Catastrophique pisze: ↑śr gru 26, 2018 12:45 pm
Mialem podobnie, tylko ja oddzielam Boga od Biblii i calej religii.
Widocznie masz potrzeby duchowe i określone osobiste przeżycia te potrzeby zaspakajające. Podobnie jest z seksem. Niektórzy mają większe potrzeby seksualne, inni mniejsze.
Katolicki pogląd na seks według mnie wywołuje większe skoncentrowanie się na stałym związku dwóch osób i wierności. Nie oznacza to powstrzymywanie się od seksu, ale skupienie się na właściwej jednej osobie. Zresztą nie musiałbym znać katolicyzmu, żeby odczuć, że coś nie gra, kiedy osoba, która nas pociąga nie może z nami żyć na wszystkich płaszczyznach rzeczywistości i po wszystkim zaraz zobaczę ją z innymi partnerami.
Catastrophique pisze:
Tak.
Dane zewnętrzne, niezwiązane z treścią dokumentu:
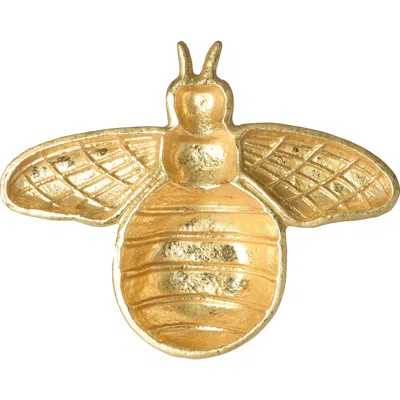 Storied Home Decorative Cast Iron Gold Bee Shaped Dish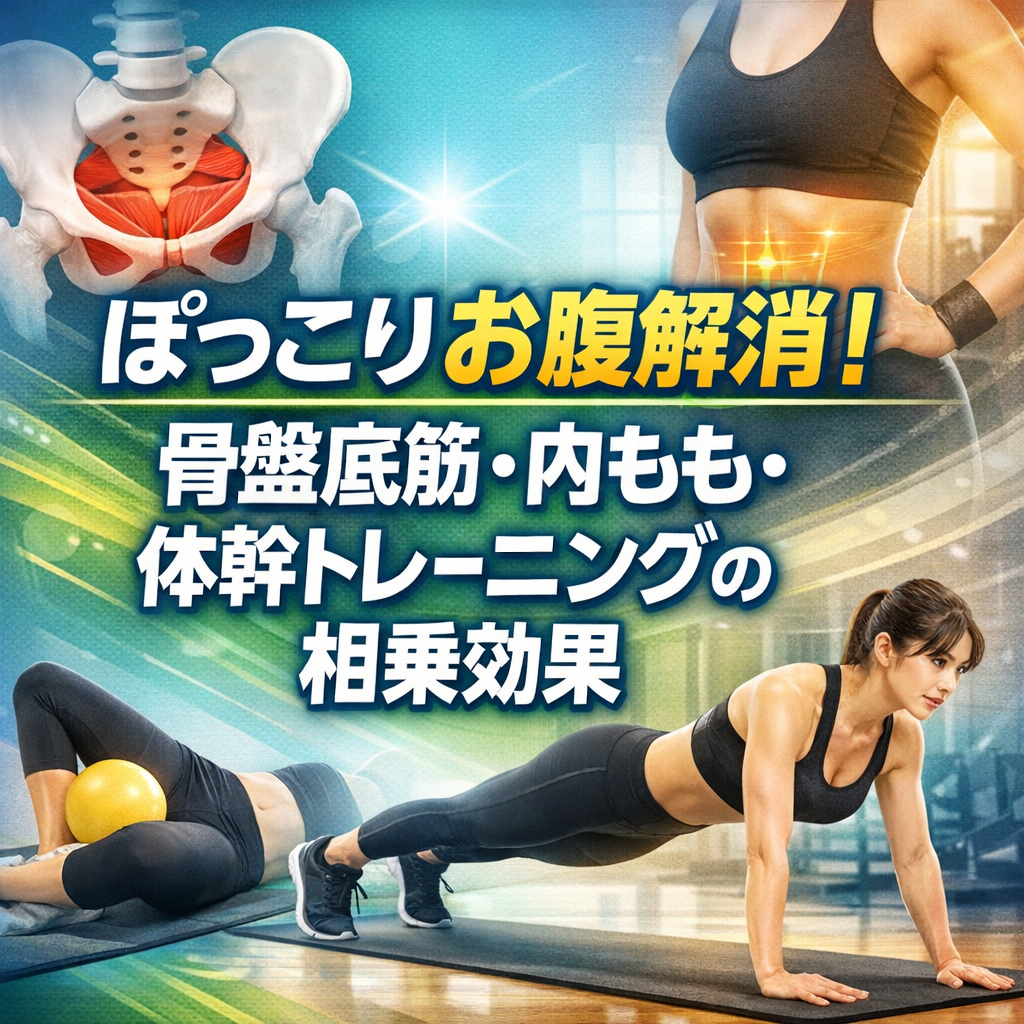 ぽっこりお腹解消！骨盤底筋・内もも・体幹トレーニングの相乗効果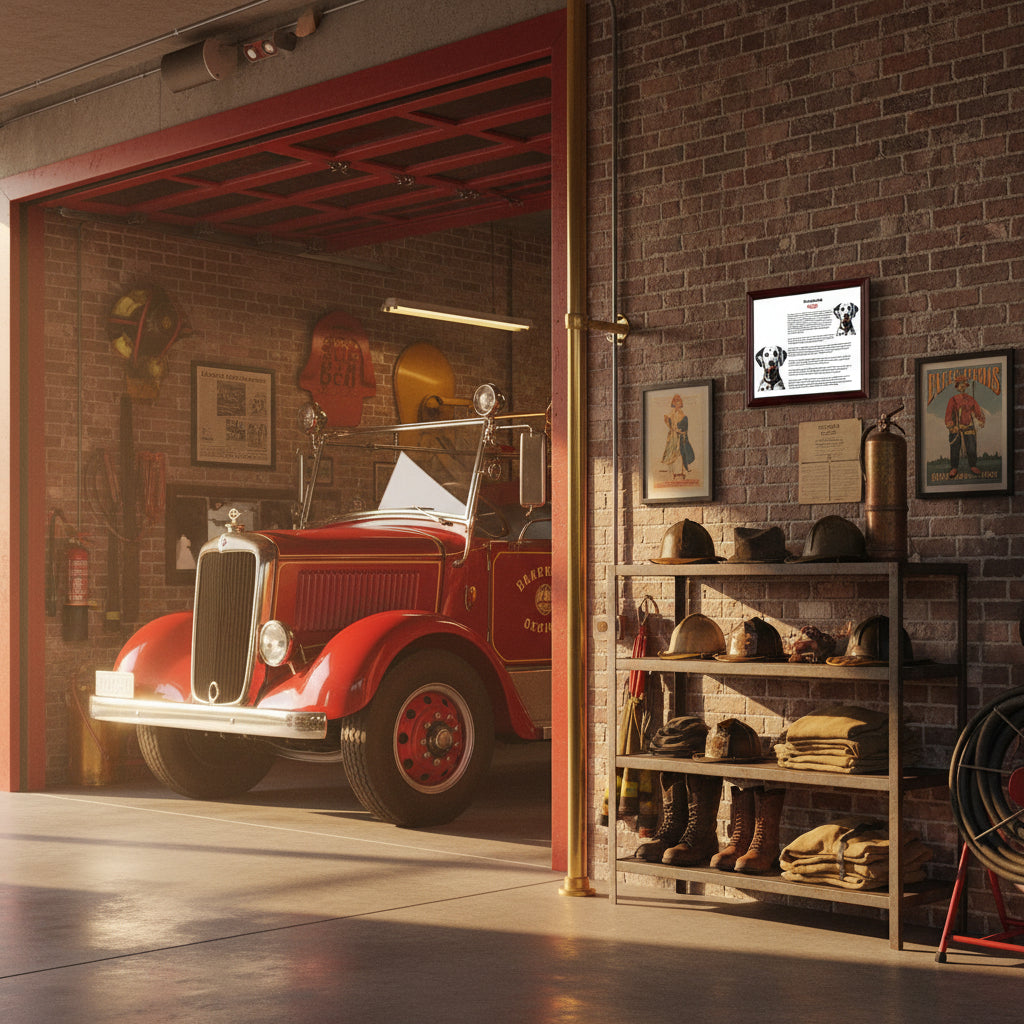 Vintage red fire truck inside a garage with tools and equipment on shelves and a Dalmatian-Heritage History Dog Breed Portrait on the brick wall.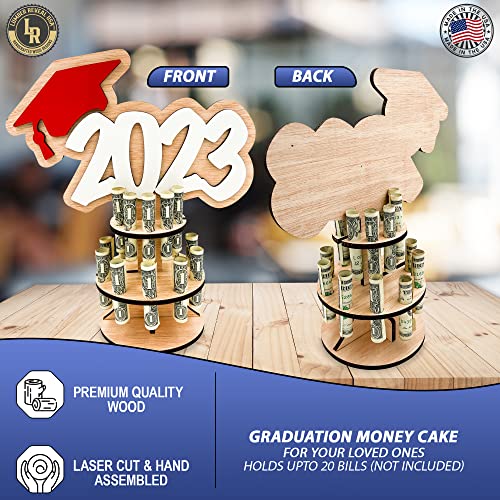 Lumber Reveal USA Personalized Money Holder for Cash Gift to Celebrate Graduation or Birthday | Customizable & Personalizable Wood Money Cake | 2024 Graduation Money Holder | Grad Personalized Lumber Reveal USA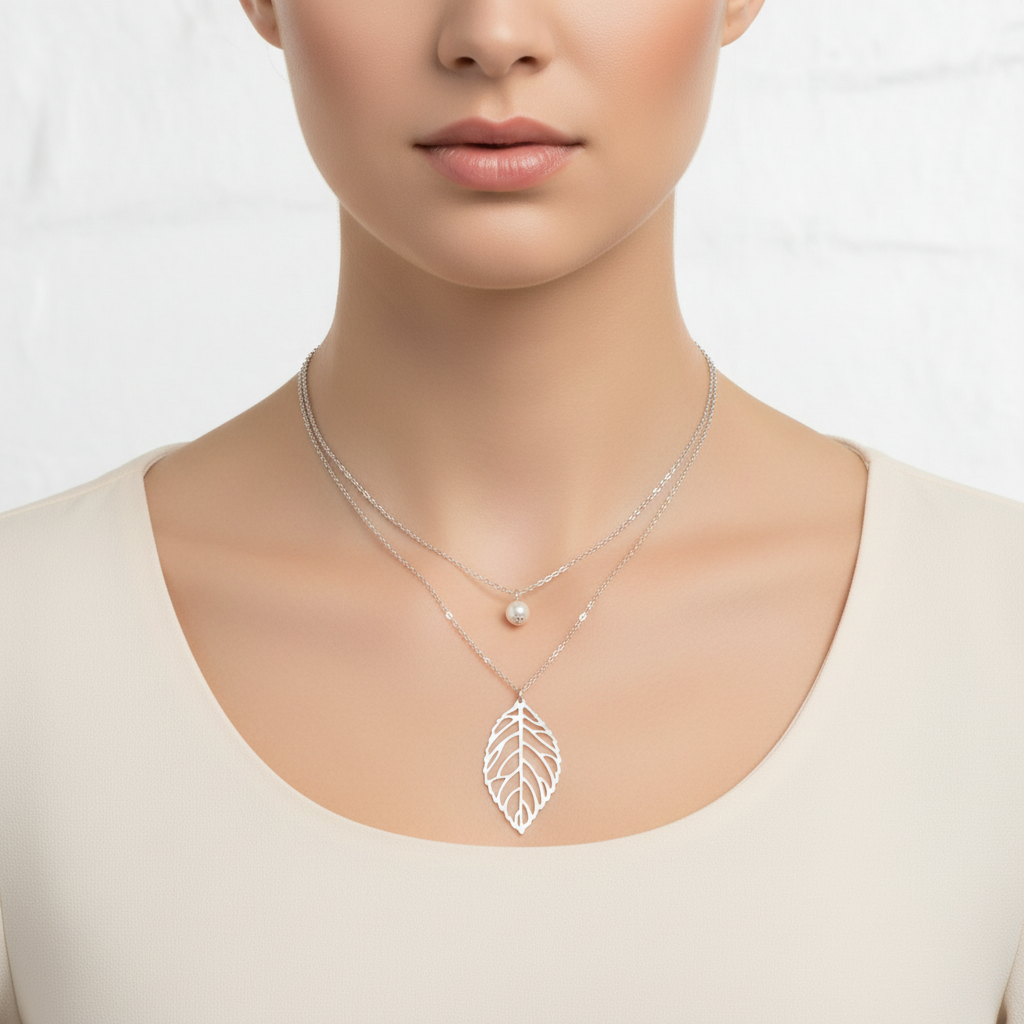 Silver Layered Leaf & Pearl Necklace on Woman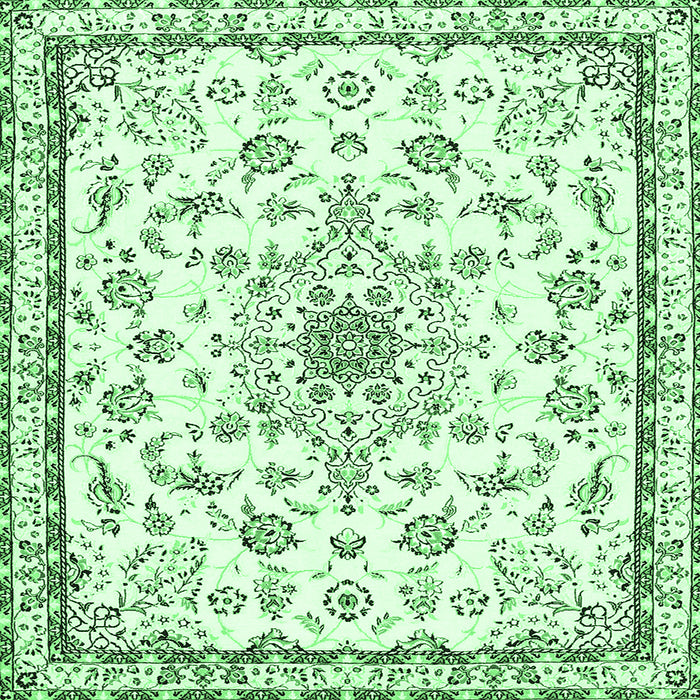 Square Machine Washable Medallion Emerald Green Traditional Area Rugs, wshtr358emgrn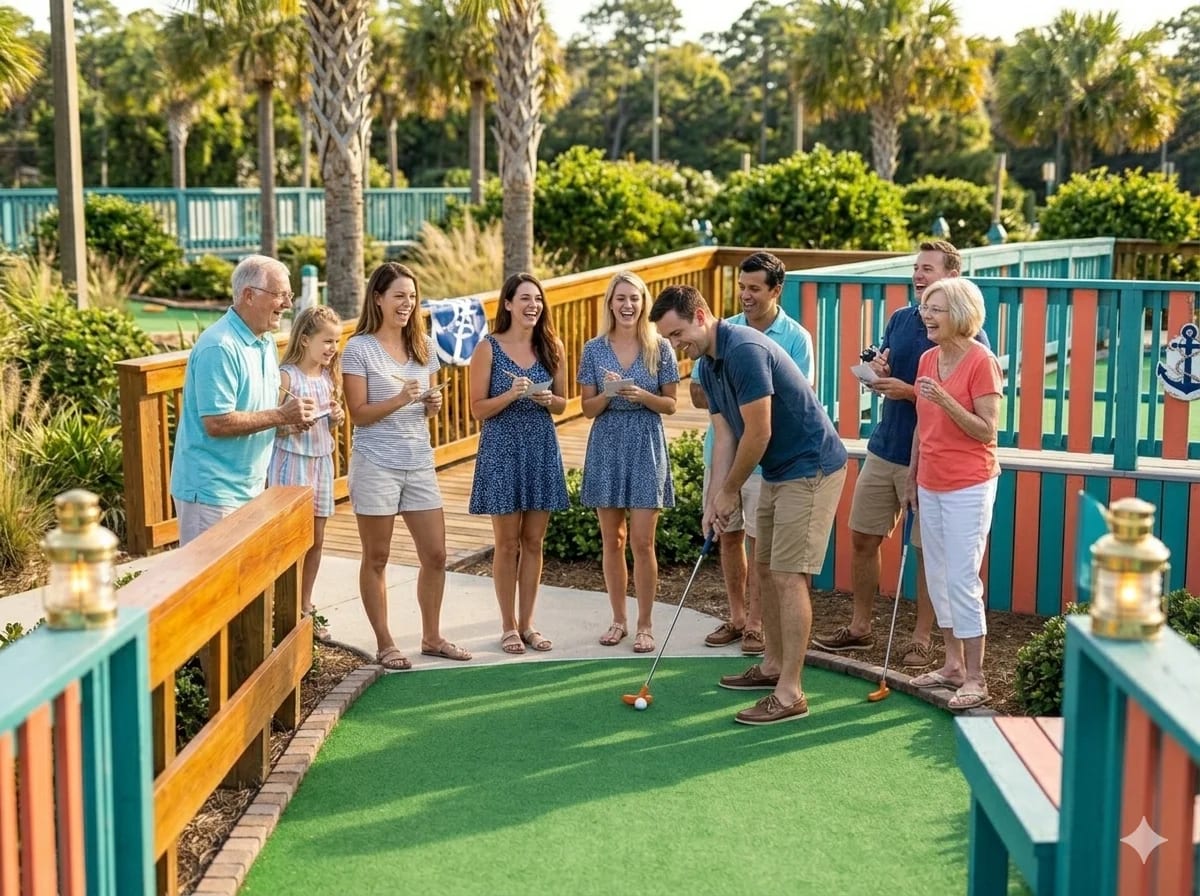 Friends celebrating a group event at Captain Myrtle Mini Golf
Chodzi mi o to, ze rodzice, zdarza sie, sa nieludzcy i okrutni dla dziecka, wiec jak mozna ich czcić? To nie jedyna taka "wpadka" w Biblii.
Każdy może być okrutny dla każdego.
W czasach Biblii to przykazanie zawierało obietnicę:
"aby ci się dobrze działo na ziemi, która da ci Bóg". Prawdopodobnie chodziło o motywy narodowe, jedność i ciągłość rodu Abrahama. A dla jednostek oczywiście dziedziczenie i następstwo władzy.
Jakub i Ezaw byli rodzeństwem, synami Izaaka, syna Abrahama. Ezaw miał prawo pierworództwa, ale Jakub podstępnie doprowadził do sytuacji, w której Ezaw zrezygnował z tego w zamian za jakieś chwilowe korzyści. No i Izaak musiał postąpić okrutnie. Ezaw został wzgardzony i całe jego potomstwo. Później na kartach Biblii przewijały się wątki walki potomstwa Jakuba, czyli Izraela z potomstwem jego brata - Edomitami.
Oczywiście Abraham też chciał postąpić okrutnie z Izaakiem składając go na ofiarę Bogu, ale takie legendy dotyczące władców, założycieli państw i całych narodów są powszechne we wszystkich społeczeństwach.
W dzisiejszych czasach też rządzi pieniądz, władza, sukcesja i klany. Wydziedziczenia, rywalizacja rodzeństwa, podstępy, intrygi.
Czyjś ojciec może siedzieć w kryminale, matka żyć z innym a dzieci nie wiedzą na czym stoją.
W każdym razie lepiej jednak tolerować bliskich, rodziców, niż ufać obcym.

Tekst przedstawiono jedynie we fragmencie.